What 1000 Lines of C Teaches You About the Web

Every framework you have ever used to serve HTTP routes is hiding the same machinery underneath. Exploring tinyweb, a web server built in roughly 1000 lines of C, is one of the better ways to see that machinery directly.

The wire format

HTTP is a text protocol layered over TCP. A client opens a TCP connection, writes ASCII bytes, and waits for more ASCII bytes back. The entire HTTP/1.1 message format, specified in RFC 7230, fits inside that mental model.

A minimal GET request looks like this over the wire:

GET /index.html HTTP/1.1\r\n
Host: localhost\r\n
\r\n

The double CRLF (\r\n\r\n) terminates the headers. What follows is the body, if any. For a GET request there is no body; for a POST there is, with its length declared by Content-Length or its boundaries marked by Transfer-Encoding: chunked.

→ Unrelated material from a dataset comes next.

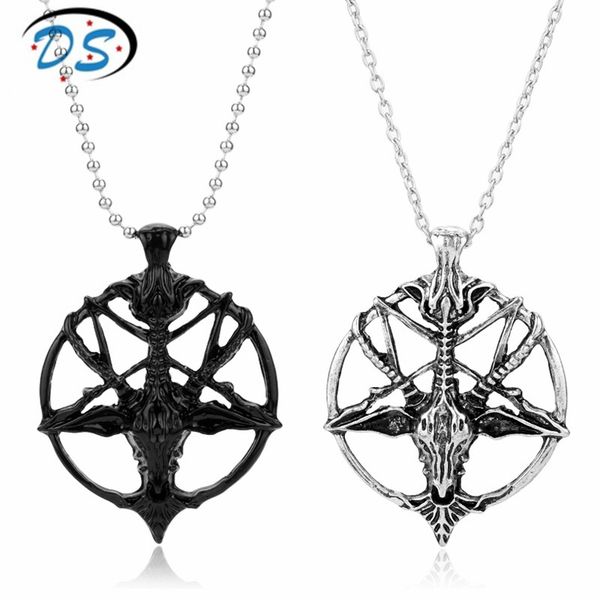 chains dongsheng jewelry inverted pentagram goat head pendant necklace men necklaces satanism occult link chain choker, Silver
chains dongsheng jewelry inverted pentagram goat head pendant necklace men necklaces satanism occult link chain choker, Silver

When you implement this in C, you call recv() in a loop, accumulate bytes into a buffer, and scan for that \r\n\r\n boundary. The first surprise is that recv() can return anywhere from 1 byte to the full amount you requested. Your parsing loop has to handle partial reads:

int read_request(int fd, char *buf, int maxlen) {
    int total = 0;
    while (total < maxlen) {
        int n = recv(fd, buf + total, maxlen - total, 0);
        if (n <= 0) return n;
        total += n;
        if (memmem(buf, total, "\r\n\r\n", 4)) break;
    }
    return total;
}

Frameworks handle this transparently; Node’s http module, Go’s net/http, and Python’s http.server all buffer reads internally and expose you to parsed request objects. In C you write the buffering yourself, which means you also own every off-by-one that comes with it.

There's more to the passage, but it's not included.